On Tuesday July 18, [EMAIL PROTECTED] wrote:
>
>
> On Tue, 18 Jul 2000, Neil Brown wrote:
> >
> > I managed to reproduce this and, at least for me, it is caused by a
> > deadlock when kflushd tries to write out data via raid1, raid1 tries
> > to allocate memory, which blocks waiting for kflushd to free up some
> > memory.
>
> Hmm.. This is actually what "GFP_BUFFER" was meant for: GFP_BUFFER is not
> atomic, but it will not block for IO.
>
> So for example, GFP_BUFFER can still walk the page tables and the LRU
> lists (because it's not called from an interrupt context), but it will
> drop only pages that don't need IO to be dropped.
>
> That is, of course, unless GFP_BUFFER has had bit-rot.
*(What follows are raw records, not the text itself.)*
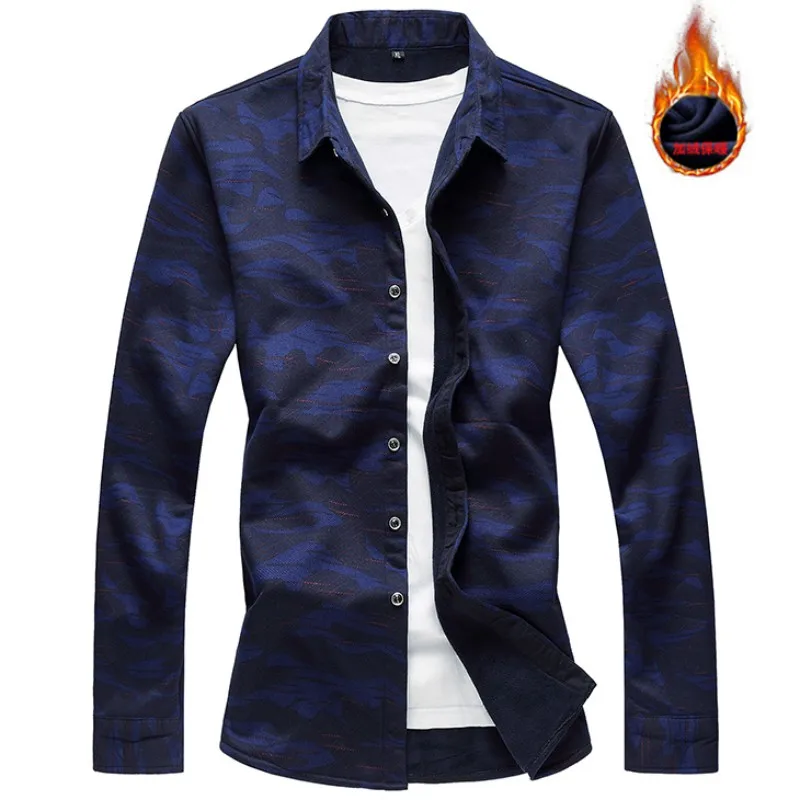 2017 autumn and winter shirt men's casual thicken long sleeves shirts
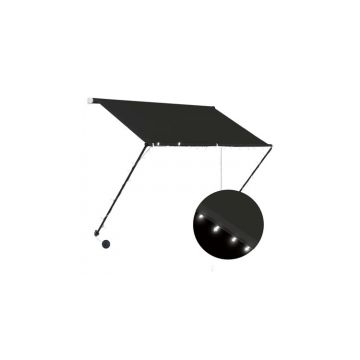 Copertina retractabila cu led, antracit, 150 x 150 cm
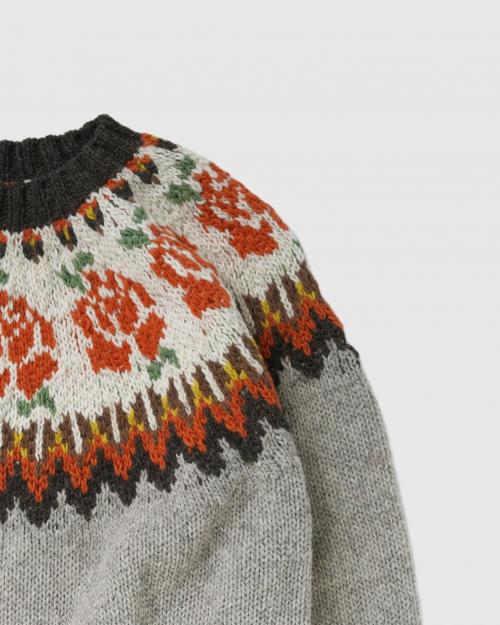 ROSE PATTERN WOOL KNIT CREW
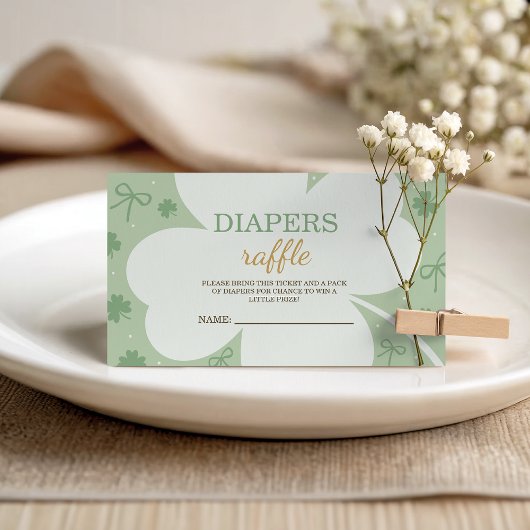 Lucky Charm Diaper Raffle Card Begleitkarte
It's simple enough
> that I don't think it has, and I'd love to hear if your deadlock goes away
> using GFP_BUFFER instead of GFP_ATOMIC, which would be the right thing to
> do..
>
> Linus
Yep. GFP_BUFFER seems to work fine.
I also traced through the code to find out exactly where __GFP_IO made
a difference, and it turned out to coincide exactly with the
stack-trace I had of a deadlocked kflushd:
Stack[0]: <__wait_on_buffer+210>
Stack[1]: <sync_page_buffers+48>
Stack[2]: <try_to_free_buffers+389>
Stack[3]: <shrink_mmap+190>
Stack[4]: <do_try_to_free_pages+142>
Stack[5]: <try_to_free_pages+38>
Stack[6]: <__alloc_pages+299>
Stack[7]: <kmem_cache_grow+241>
Stack[8]: <kmalloc+205>
You learn something new every day (if you try).
NeilBrown
--- drivers/block/raid1.c 2000/07/18 02:00:54 1.1
+++ drivers/block/raid1.c 2000/07/18 02:44:39 1.2
@@ -75,7 +75,7 @@
md_spin_unlock_irq(&conf->device_lock);
if (cnt == 0)
break;
- t = (struct buffer_head *)kmalloc(sizeof(struct buffer_head),
GFP_KERNEL);
+ t = (struct buffer_head *)kmalloc(sizeof(struct buffer_head),
+GFP_BUFFER);
if (t) {
memset(t, 0, sizeof(*t));
t->b_next = bh;
@@ -165,7 +165,7 @@
if (r1_bh)
return r1_bh;
r1_bh = (struct raid1_bh *) kmalloc(sizeof(struct raid1_bh),
- GFP_KERNEL);
+ GFP_BUFFER);
if (r1_bh) {
memset(r1_bh, 0, sizeof(*r1_bh));
return r1_bh;